When knee and back injuries sapped away McGrady’s athleticism and endurance, nobody was ever sure if that McGrady would return. He became a contract albatross for the Rockets, betrayed by his body.

For one night in 2012, the old McGrady returned. As Joe Johnson said after the game, it was “The Return of the Mac.”

McGrady scored 13 of his 16 points off the bench in Atlanta’s somewhat stunning 100-92 win over Miami, handing Miami its first loss of the season. It was a performance very reminiscent of those days when McGrady was a front man for adidas and a perennial All-Star starter. McGrady scored with the smootheness and fluidity that made him all those things and one of the most electrifying players in the league at one time.

“It feels good,” McGrady told Michael Cunningham of the Atlanta Journal Constitution. “It’s been a long time since I’ve had that feeling. My legs feel fresh. Everything just feels good. It feels right. That’s a good sign. I haven’t felt this good in a long time, probably since the beginning of my knee injury.”

This would be quite the season for McGrady to make his comeback. McGrady played 70 games last year for Detroit for the first time since 2007. He is still a far way away from averaging 32.1 points per game like he did with the Magic. Last year, he averaged only 8.0 points per game and dished out 3.5 assists per game, moonlighting as a point guard for the Pistons.

 

The Hawks brought McGrady in as a cheap option to potentially replace Jamal Crawford’s scoring punch off the bench.

 

McGrady though has played pretty well for the Hawks in the early going. He is averaging 11.6 points per game and has returned to his scoring mentality. McGrady is likely not going to be back to his epic scoring performances on a nightly basis. Certainly not during this season with all the games crunched into such a short time period.
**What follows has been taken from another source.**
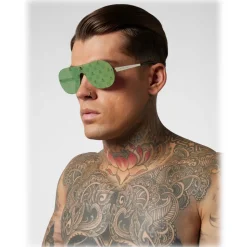 Philipp Plein - Target Monogram Collection - Nickel and Mirrored Green - Sunglasses - Philipp Plein Eyewear - Avvenice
The season for both McGrady and the Hawks are going to be about playoff success. And that is where, injury or not, McGrady has always struggled. McGrady has still never played in a Playoff game beyond the first round.

McGrady has gone through a lot of trials since his time in Orlando and Houston. It has humbled him in a lot of ways as he tries to reach back and find that former talent that made him a superstar.
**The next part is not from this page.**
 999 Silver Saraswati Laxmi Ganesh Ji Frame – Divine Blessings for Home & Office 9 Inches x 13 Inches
“This win wasn’t about one player,” McGrady told The Sports XChange. “It was about the way we grinded as a team. We just dug in and tried to match them blow for blow. All I did was my part. . . . I’m a competitor. Especially competing against the best, LeBron and D-Wade. I’m always up for the challenge. Those guys, they bring the best out of you.”

A win over the Heat in early January is not going to change Playoff fortunes that much. It is a nice win against the prohibitive favorite for the championship.

Consistency is going to be McGrady’s issue as he still has to prove he can play a full season at a high level. That question will be answered in the coming weeks and months. But for the 4-1 Hawks, McGrady turned the clock back… at least for one night.